Beyond the generators, visitors could walk outside to the
parapet walls overlooking the massive concrete construct of the dam itself. I
have never seen the Hoover Dam, but it's hard to imagine that it could be much
more impressive than this Revelstoke Dam. The escarpment of concrete sloped
over 500-feet to the tumble of waters below. It made a hypnotically dangerous
ski slope of a curve going down, almost daring the person who had started as a
casual sightseer to end by taking a fatal plunge.
So there had been plenty to see and do in Revelstoke. But
somehow it was the coming and going of the trains that made the most lasting
impression on me. My motel was about two blocks from the tracks, just the right
distance to be lulled rather than rattled by the steady migrations. As the
trains came and went, emitting their occasional muted whistles, they sent a
gentle, subtle rumble of vibration through my surroundings, settling me into a
peaceful sleep.
The second train town I visited recently was Springfield,
the capital of the State of Illinois and the place where Abraham Lincoln
practiced law the longest. I was finally seeing the City, after a delay of more
than half a century. Most Chicago students are treated to weekend junkets to
Springfield when they graduate from grade school or high school. However my
class had its scheduled trip cancelled because we were deemed to be too
savagely unruly to be let loose on an unsuspecting world.
Truly though, many of my classmates depredations had not
been comical. When people cite the more recent shootings and other acts of
violence in schools as unique signs of the violence of our times - they forget
that one of the hallmarks of the 1950's and
60's was "The Blackboard Jungle." Those were the days of
switchblades and vicious gang rumbles and ransackings. The geography teacher in
our grade school had been blinded in one eye by a carelessly hurled
switchblade. One of my classmates had had a fingertip amputated by that weapon
of the day. Then when our class had been let out for an afternoon field trip,
many of them had run amok in the neighborhood, committing so much vandalism
that the school board might still be paying reparations.
So "No Springfield trip for YOU!" I had to arrange
my own trip there decades later. But I'm glad I finally did get to go.
Springfield really puts the Lincoln in the State motto "The Land of
Lincoln." While a lot of the Lincoln-related attractions in Springfield
are geared to tourists, most have avoided becoming kitschy recollections. For
example, the Lincoln Library does have a lot of "family-oriented"

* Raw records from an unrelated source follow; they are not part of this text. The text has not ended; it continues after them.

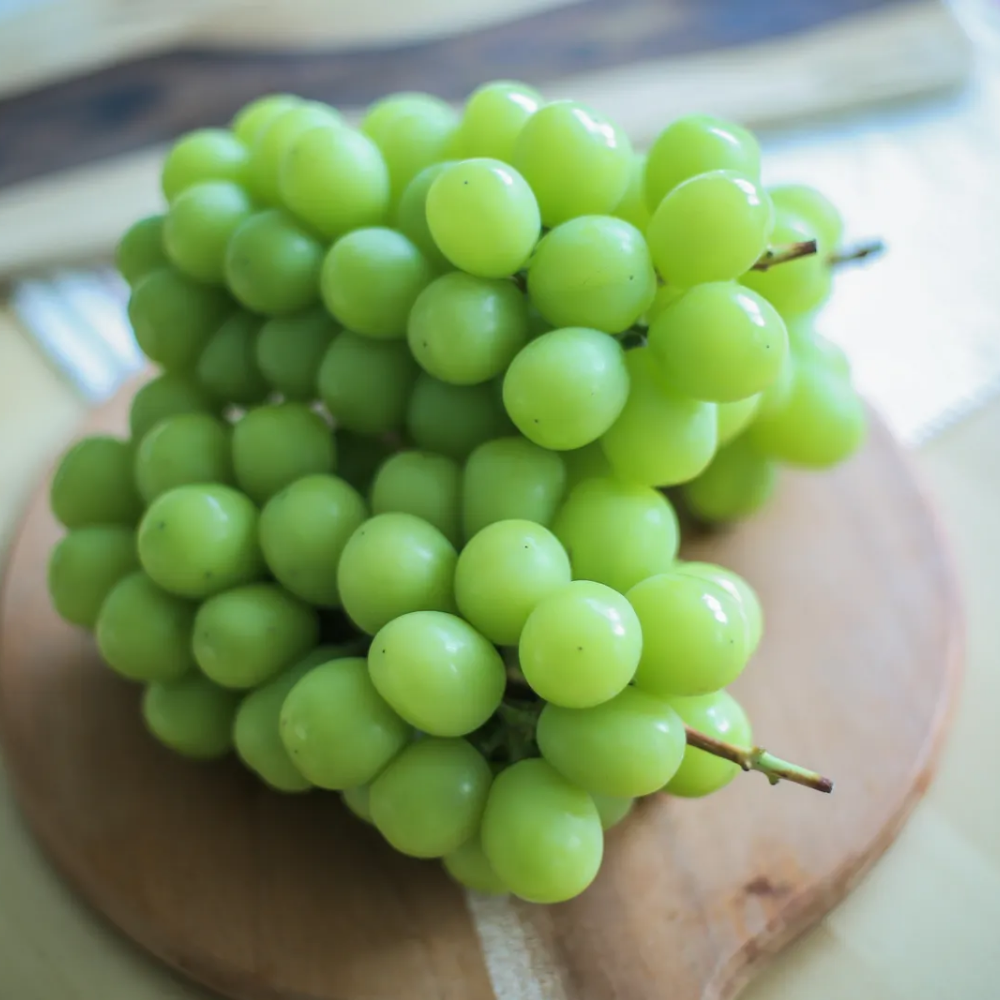 국내산 상주 샤인머스켓 2kg 3수 대과 · 고당도 아삭한 식감 - 상품 이미지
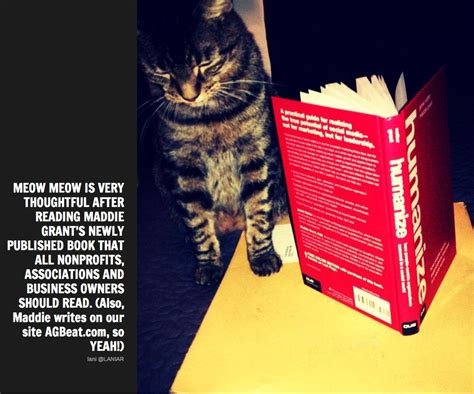 meow meow. | Organization, Books, Succeed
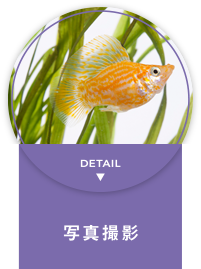 写真撮影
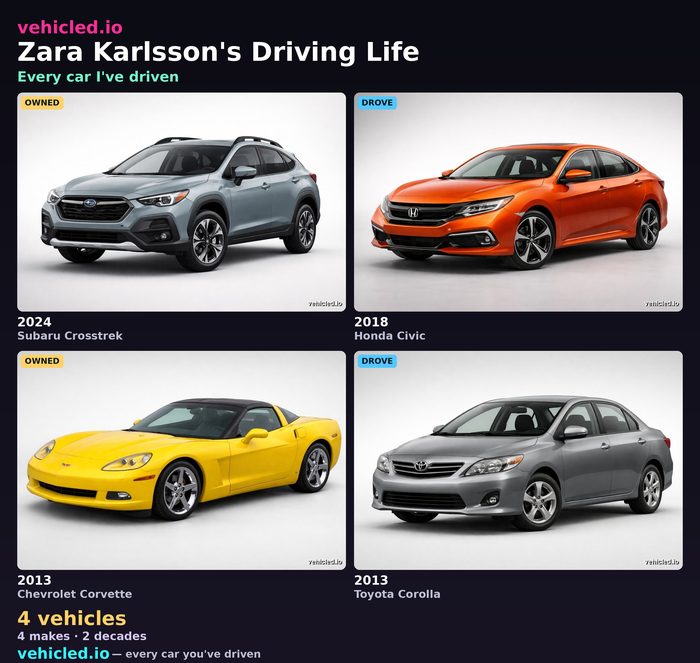 Zara Karlsson's garage poster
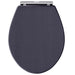 Hudson Reed Richmond Toilet Seat - Twilight Blue - Unbeatable Bathrooms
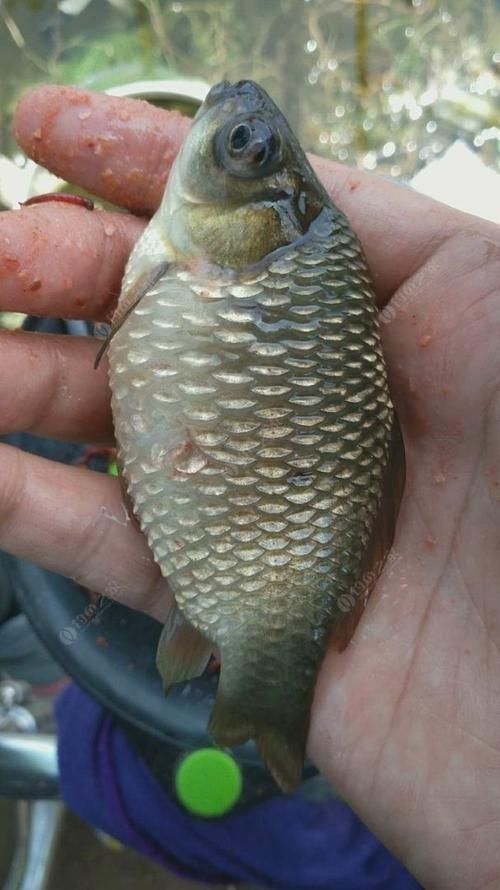 給我一些早期發現魚炸鱗病的圖片，早期發現魚炸鱗病如何治療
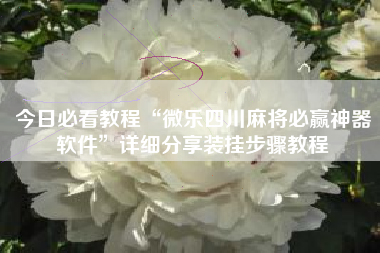 今日必看教程“微乐四川麻将必赢神器软件”详细分享装挂步骤教程
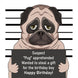 Suspected Pug Happy Birthday Card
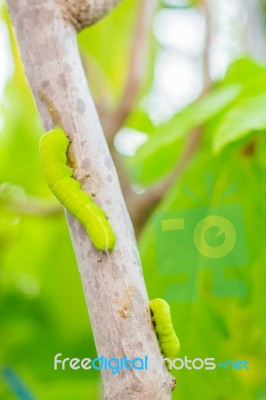 Worm In A Garden Stock Photo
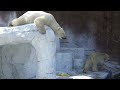 【シロクマの1分動画＃105】癒しのひととき、二人の時間💗シロクマの母娘【天王寺動物園】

entertainments aside from the place's repository of books. But its hologram
show is truly touching, invoking spirits from the past in diaphanous 3-D. The
show had a twist-ending that left me pondering the nature of reality.

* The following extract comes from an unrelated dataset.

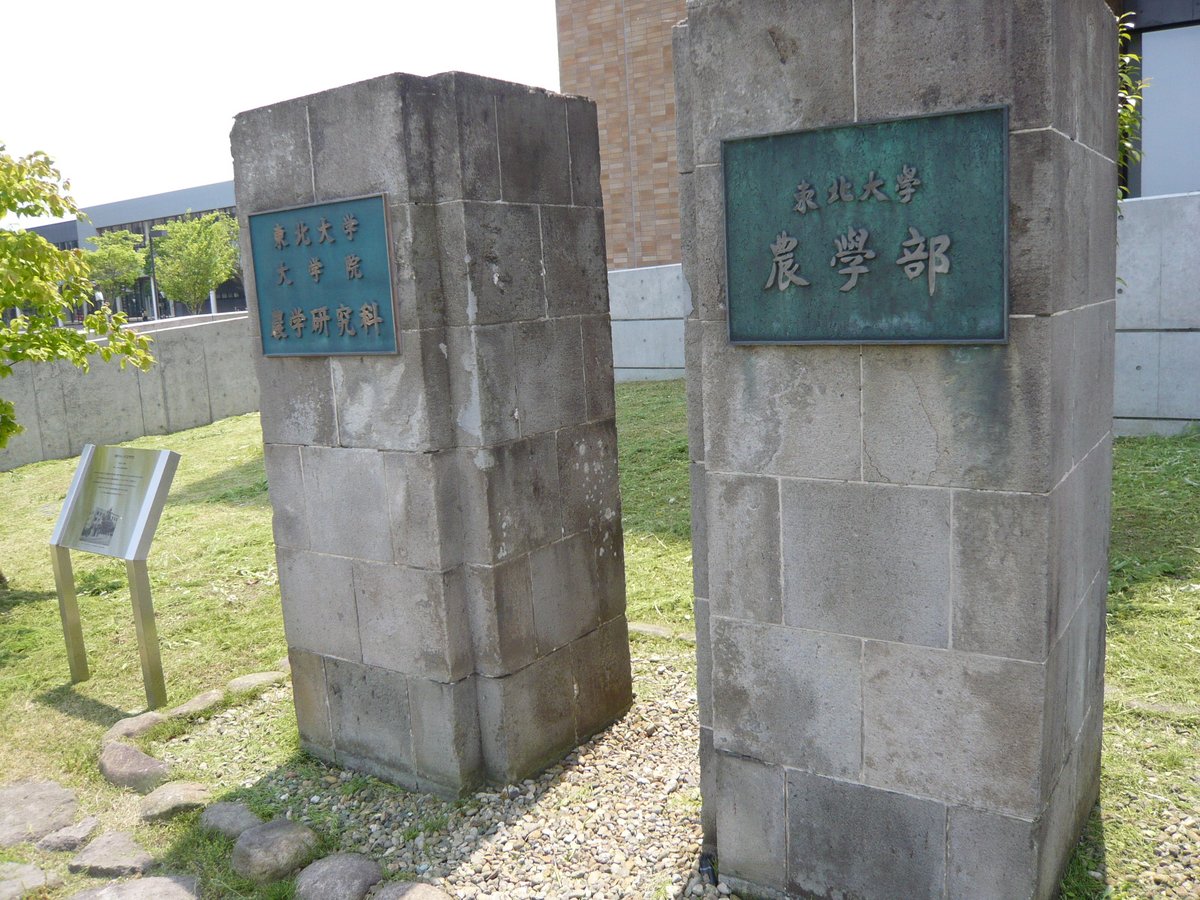 東北大学附属図書館（Tohoku Univ. Lib） (@hagi_no_suke) / X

I was surprised to learn that Springfield itself has been
losing population, fading from its days as a transportation hub and as a center
of mining activity. Some of its main streets are now as boarded-up and
destitute as Detroit's. Outside the peripatetic attendances of the Governor and
other politicians who come to the Capitol Building when the State Congress is
in session - the year-round residents have been forming a shrinking club. Many
of these people cross paths daily as they work in one capacity or another in
the Lincoln trade. It's hard to find a local resident who hasn't participated
in a Lincoln re-enactment at one time or another. If they weren't the right
types to play the leads of Abraham and Mary Todd themselves, they could still
participate by playing lesser known figures in Lincoln's life, such as his
stepmother Sarah Bush, or his law partner, William Herndon.

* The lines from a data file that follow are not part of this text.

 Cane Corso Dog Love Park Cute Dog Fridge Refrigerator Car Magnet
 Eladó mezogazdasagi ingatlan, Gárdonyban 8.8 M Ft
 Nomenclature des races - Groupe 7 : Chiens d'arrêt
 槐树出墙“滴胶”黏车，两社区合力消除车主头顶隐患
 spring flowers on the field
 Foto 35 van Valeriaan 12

My favorite Lincoln site though was one that wasn't on our
regularly scheduled tour. I made my way by myself into Lincoln's restored law
office on the second floor of an old brick building on one of Springfield's
main streets. It was furnished with the kinds of wick lamps, writing desks, law
books, quill pens, and the other appointments, that would likely have been
found there in Lincoln's day. Lincoln historians had taken care to recreate the
smallest likely details of the scene, including splashes of ink on the walls
and over various papers left lying around. The guide explained that Lincoln was
very indulgent with his boys, letting them play as wild and free as they wished
in his office. To the occasional dismay of clients and law partners, this
playtime often came down to rough-housing that included hurled ink bottles. As
a result, some potentially vital clauses in legal documents would get obscured
on a regular basis.
The first floor of this building had also been restored to
its 1850's function as the town's post office. Since my family and I had run a
mailing business, I've always been especially interested in postal history. I
learned a lot on this visit to Lincoln's ground floor, things I hadn't learned
even in the excellent postal museum that's part of the Smithsonian complex in
Washington, D.C. The Washington Museum emphasizes the hardships involved in
delivering letters in the U.S. in the 18th and 19th centuries and into the 20th
century when young pilots such as Lindbergh flew rickety biplanes through fog
and dark to land their cargo of mail at airstrips barely lit, sometimes still
by gaslight. Many of these flyers crashed and were killed seeing that the mail
got through this way.
But this little Springfield storefront re-creation
emphasized the hardships of mailing letters in Lincoln's day. Back then, you were charged more exactingly
by the weight of your missive. Few people could afford to be extravagant about
adding the slightest extra fraction of an ounce to their letters. So they wrote
on onionskin, and even avoided using more than one sheet of that for their
chatty letters by cramping their handwriting small, first horizontally across
the page, then vertically over the first lines. They might use a slightly
different tint of ink or use a lighter pressure when they over-wrote. But some
of the letters still became drudgingly difficult to read.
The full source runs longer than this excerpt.